Add some hypothesis test functions #315

mdahlin · 2025-01-02T16:24:22Z

Adds functions for

Mann-Whitney U test (per https://users.rust-lang.org/t/mann-whitney-u-test/95005)
One Way ANOVA F-test
One Sample t-test

Functions are generally based on the scipy version. I tried to align with existing formatting/setup from the fisher test, but wanted to make sure I was on the right track (in terms of structure, level of documentation, desire for this capability, etc.) before thinking about adding more tests.

YeungOnion · 2025-01-12T00:24:49Z

Sorry that I've taken a bit to reply here.

So far, these are great. We have mentioned the idea of a nan policy in regards to analytical functions (as opposed to empirical functions) and I think following the scipy approach is good because of developer expectations.

We don't really have enough tests to have a sense of uniform API for tests and having the policy as an argument is useful for establishing that.

I think the direction you're going in is good and I would approve this once I look into why the nightly-dependent workflow in the CI won't compile. I'm open to you continuing on this PR or opening a dependent PR.

However, regarding license, to what degree would you say you referred to the scipy source? I don't wish to complicate the license we distribute with, nor do I want to use a license that's not typical for crates on crates.io

mdahlin · 2025-01-12T15:01:06Z

Hey thanks for the response and feedback.

In terms of the nightly piece. I found the same error locally.
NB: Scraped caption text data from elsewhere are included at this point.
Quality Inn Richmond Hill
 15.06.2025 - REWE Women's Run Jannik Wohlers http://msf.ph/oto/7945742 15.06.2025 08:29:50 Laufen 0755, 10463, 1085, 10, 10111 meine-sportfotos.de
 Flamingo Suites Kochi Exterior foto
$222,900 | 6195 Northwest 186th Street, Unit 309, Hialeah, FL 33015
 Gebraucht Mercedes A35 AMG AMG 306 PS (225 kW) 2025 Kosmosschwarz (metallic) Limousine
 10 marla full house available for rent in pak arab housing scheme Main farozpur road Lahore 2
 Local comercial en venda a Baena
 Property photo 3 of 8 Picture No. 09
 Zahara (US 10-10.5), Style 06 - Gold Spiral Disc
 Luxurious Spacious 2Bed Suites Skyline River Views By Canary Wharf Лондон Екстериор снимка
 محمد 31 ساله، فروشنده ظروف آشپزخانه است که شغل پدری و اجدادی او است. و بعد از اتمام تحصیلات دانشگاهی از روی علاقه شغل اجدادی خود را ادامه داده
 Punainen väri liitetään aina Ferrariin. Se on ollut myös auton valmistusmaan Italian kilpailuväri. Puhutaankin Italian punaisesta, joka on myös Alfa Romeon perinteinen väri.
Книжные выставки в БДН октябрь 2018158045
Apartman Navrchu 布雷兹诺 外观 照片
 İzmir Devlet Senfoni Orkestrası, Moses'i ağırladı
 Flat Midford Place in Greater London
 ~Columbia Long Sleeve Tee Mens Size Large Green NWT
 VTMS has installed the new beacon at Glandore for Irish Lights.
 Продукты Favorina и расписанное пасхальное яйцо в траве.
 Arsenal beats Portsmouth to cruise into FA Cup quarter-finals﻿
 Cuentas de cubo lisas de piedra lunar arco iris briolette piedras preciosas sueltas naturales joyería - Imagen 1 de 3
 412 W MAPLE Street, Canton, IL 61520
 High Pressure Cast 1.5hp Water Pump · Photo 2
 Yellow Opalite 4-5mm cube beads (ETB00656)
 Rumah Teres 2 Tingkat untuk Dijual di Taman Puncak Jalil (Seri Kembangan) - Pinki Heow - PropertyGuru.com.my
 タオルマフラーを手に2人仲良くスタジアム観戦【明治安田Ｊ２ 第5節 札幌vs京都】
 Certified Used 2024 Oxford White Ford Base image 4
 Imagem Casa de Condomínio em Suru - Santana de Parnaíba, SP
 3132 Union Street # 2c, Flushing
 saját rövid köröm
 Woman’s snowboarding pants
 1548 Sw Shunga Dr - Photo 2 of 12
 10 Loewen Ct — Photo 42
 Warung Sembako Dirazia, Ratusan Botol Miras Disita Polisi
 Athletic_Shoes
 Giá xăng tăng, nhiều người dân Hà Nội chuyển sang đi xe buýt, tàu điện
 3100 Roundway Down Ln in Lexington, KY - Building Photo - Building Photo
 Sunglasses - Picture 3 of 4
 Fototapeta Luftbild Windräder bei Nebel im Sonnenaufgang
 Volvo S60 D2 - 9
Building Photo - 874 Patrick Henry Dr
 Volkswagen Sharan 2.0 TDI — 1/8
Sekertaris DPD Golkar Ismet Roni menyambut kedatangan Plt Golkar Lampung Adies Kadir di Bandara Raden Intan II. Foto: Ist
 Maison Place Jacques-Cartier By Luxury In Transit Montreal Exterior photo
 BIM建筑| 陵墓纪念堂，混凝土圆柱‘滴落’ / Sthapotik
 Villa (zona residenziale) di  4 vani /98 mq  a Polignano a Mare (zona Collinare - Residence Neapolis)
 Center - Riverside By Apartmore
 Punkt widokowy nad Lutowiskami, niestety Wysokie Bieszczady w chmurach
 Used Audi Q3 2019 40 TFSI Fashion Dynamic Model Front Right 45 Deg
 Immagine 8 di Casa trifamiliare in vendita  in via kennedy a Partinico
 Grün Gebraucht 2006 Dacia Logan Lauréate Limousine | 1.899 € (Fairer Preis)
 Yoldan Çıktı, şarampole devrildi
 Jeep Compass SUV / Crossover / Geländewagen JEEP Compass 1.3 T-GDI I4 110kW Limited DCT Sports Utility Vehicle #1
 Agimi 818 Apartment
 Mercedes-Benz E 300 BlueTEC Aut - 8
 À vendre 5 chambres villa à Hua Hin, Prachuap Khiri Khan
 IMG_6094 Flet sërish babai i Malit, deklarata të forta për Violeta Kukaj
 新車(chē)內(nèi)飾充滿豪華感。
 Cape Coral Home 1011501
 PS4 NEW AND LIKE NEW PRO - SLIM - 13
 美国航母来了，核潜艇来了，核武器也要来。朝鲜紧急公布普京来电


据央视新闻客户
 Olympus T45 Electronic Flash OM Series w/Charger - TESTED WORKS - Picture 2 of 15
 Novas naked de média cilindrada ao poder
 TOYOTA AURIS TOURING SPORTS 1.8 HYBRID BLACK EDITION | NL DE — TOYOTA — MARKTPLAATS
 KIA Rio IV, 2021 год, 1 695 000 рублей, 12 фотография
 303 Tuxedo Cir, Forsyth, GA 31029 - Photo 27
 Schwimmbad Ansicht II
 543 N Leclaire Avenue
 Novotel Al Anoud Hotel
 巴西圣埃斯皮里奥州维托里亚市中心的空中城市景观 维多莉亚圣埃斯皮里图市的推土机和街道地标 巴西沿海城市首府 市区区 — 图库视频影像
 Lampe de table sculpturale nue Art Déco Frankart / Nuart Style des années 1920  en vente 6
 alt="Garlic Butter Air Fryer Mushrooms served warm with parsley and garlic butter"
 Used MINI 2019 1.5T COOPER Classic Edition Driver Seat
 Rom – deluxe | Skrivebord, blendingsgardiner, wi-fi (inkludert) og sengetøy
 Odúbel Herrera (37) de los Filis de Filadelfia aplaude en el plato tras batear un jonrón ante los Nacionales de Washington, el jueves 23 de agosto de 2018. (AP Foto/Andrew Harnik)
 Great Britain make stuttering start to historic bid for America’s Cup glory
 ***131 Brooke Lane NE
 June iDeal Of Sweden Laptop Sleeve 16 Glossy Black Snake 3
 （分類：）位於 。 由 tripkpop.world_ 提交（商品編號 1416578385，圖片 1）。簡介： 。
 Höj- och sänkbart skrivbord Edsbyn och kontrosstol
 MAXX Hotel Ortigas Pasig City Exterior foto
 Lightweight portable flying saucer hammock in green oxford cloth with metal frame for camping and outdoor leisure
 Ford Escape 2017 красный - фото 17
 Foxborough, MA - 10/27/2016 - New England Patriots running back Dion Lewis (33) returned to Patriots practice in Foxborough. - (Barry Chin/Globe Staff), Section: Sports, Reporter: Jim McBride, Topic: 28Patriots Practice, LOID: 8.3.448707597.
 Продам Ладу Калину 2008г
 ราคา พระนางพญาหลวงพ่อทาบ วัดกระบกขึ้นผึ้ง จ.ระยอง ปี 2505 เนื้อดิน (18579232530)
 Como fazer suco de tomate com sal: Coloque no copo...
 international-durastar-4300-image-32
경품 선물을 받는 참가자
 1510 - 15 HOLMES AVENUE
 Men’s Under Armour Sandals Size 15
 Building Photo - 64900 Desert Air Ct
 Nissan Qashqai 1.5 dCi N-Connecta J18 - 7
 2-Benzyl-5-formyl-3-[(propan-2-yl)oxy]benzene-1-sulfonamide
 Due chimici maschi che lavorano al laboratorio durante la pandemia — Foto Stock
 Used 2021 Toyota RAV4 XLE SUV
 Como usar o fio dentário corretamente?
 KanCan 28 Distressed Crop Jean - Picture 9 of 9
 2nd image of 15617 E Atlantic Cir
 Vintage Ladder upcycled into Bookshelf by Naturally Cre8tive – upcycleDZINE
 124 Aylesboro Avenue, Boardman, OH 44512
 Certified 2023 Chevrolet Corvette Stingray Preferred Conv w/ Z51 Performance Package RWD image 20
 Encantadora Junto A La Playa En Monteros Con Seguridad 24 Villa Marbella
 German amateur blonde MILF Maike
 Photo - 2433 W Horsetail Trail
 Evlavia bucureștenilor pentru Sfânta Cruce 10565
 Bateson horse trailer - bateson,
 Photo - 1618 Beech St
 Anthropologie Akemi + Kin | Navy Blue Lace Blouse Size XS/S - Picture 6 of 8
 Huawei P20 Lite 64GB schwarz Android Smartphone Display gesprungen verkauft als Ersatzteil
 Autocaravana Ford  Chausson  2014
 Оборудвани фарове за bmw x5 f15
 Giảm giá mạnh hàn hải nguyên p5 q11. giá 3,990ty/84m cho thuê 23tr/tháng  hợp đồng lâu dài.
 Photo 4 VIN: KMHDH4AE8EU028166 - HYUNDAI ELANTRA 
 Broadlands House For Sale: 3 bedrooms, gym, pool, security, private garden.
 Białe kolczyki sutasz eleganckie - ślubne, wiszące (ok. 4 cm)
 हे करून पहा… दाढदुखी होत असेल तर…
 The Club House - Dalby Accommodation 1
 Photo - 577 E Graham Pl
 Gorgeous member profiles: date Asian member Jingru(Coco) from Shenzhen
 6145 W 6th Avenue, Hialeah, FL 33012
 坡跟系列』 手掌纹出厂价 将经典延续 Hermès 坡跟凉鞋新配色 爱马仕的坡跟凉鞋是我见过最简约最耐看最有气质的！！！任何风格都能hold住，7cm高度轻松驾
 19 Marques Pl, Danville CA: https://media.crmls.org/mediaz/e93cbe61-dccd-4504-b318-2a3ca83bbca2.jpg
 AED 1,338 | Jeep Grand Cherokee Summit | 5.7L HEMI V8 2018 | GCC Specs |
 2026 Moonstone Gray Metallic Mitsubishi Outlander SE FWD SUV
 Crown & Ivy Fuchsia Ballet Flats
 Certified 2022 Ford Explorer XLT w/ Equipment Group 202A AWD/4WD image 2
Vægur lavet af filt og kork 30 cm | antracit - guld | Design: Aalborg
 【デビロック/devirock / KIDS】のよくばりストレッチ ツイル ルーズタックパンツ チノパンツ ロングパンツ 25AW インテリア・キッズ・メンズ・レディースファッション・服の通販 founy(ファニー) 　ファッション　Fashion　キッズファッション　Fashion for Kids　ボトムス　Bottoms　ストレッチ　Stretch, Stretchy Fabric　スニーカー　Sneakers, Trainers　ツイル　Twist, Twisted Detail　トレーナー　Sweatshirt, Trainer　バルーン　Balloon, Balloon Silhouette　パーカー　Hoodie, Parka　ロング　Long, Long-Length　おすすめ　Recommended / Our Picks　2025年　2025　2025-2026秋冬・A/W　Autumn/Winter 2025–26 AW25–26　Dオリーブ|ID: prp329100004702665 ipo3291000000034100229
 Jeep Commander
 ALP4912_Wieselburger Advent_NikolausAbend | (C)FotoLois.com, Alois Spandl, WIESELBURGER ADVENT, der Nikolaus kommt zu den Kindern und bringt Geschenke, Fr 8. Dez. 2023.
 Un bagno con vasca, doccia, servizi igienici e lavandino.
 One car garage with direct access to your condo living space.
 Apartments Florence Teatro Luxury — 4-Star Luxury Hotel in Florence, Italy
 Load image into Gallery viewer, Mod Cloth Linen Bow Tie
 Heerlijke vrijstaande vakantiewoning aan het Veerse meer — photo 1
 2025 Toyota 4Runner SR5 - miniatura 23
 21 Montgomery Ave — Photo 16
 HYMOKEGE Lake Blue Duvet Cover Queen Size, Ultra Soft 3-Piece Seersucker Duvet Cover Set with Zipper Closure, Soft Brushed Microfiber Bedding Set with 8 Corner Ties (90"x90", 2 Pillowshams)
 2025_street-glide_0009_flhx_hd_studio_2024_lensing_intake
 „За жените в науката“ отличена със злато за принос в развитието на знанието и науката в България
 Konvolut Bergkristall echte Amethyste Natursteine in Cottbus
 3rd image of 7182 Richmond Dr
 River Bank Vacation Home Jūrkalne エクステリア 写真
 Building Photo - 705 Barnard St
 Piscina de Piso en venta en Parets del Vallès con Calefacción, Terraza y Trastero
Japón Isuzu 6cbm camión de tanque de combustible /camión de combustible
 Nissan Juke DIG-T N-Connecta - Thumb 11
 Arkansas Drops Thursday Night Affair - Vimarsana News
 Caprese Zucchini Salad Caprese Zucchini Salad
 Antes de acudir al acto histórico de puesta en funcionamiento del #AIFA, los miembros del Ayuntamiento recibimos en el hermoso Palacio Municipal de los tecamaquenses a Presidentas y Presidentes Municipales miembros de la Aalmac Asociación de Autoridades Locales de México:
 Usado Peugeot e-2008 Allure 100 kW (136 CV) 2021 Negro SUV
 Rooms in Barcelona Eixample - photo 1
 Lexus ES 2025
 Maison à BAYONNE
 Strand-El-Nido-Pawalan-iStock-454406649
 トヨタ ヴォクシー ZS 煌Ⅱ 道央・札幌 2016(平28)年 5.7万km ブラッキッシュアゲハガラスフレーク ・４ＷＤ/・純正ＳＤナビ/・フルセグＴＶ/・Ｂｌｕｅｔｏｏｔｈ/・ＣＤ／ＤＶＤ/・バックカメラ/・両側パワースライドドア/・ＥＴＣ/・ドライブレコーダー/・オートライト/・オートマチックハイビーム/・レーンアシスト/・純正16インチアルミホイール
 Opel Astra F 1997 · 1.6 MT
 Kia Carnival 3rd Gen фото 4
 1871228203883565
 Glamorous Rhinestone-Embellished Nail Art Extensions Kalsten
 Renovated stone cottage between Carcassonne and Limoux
A day or so later I updated nightly and everything worked just fine, so it seems like it was an issue specific to nightly.

In terms of how much I "referred to the scipy source", it's been a pretty loose reference for the most part but I'll provide some relevant links if you want to form your own opinion.

one-way ANOVA F-test

relevant part of the implementation in this PR:

statrs/src/stats_tests/f_oneway.rs

Line 114 in 100e726

let n = n_i.iter().sum::<usize>();
scipy: https://github.com/scipy/scipy/blob/92d2a8592782ee19a1161d0bf3fc2241ba78bb63/scipy/stats/_stats_py.py#L4173

My conclusion: commonality with scipy is mainly just the function signature as I leveraged a statsdirect page for logic

One Sample t-test

this PR:

statrs/src/stats_tests/ttest_onesample.rs

Line 78 in 100e726

let samplemean = a.iter().sum::<f64>() / (n as f64);
scipy: https://github.com/scipy/scipy/blob/6e246d0b54dd55dc69232a0caae6772228a7ac25/scipy/stats/_stats_py.py#L6092

My conclusion: again mainly just the function signature as I used the logic from this jpm page

Mann Whitney U

Here we'd probably want to look at the two main pieces of logic, being the different methods for calculating the test's statistic, separately

Exact

this PR:

statrs/src/stats_tests/mannwhitneyu.rs

Line 156 in 100e726

fn calc_mwu_exact_pvalue(u: f64, n1: usize, n2: usize) -> f64 {
scipy: https://github.com/scipy/scipy/blob/v1.15.0/scipy/stats/_mannwhitneyu.py#L83

My conclusion: These are very different from each other. The scipy version is doing a lot of 2-d array stuff and matrix operations that I didn't get into in my implementation.

Asymptotic

this PR:

statrs/src/stats_tests/mannwhitneyu.rs

Line 126 in 100e726

fn calc_mwu_asymptotic_pvalue(
scipy: https://github.com/scipy/scipy/blob/92d2a8592782ee19a1161d0bf3fc2241ba78bb63/scipy/stats/_mannwhitneyu.py#L149

My conclusion: This is probably the only case worth your review/thoughts. The scipy version is ~10 LOC and the version in this PR is basically a 1:1 copy of those lines. There isn't too much room for alternative implementation here, but happy to re-write it to avoid any potential issues. Also for reference, the scipy function references this section in the Mann Whitney U wiki article.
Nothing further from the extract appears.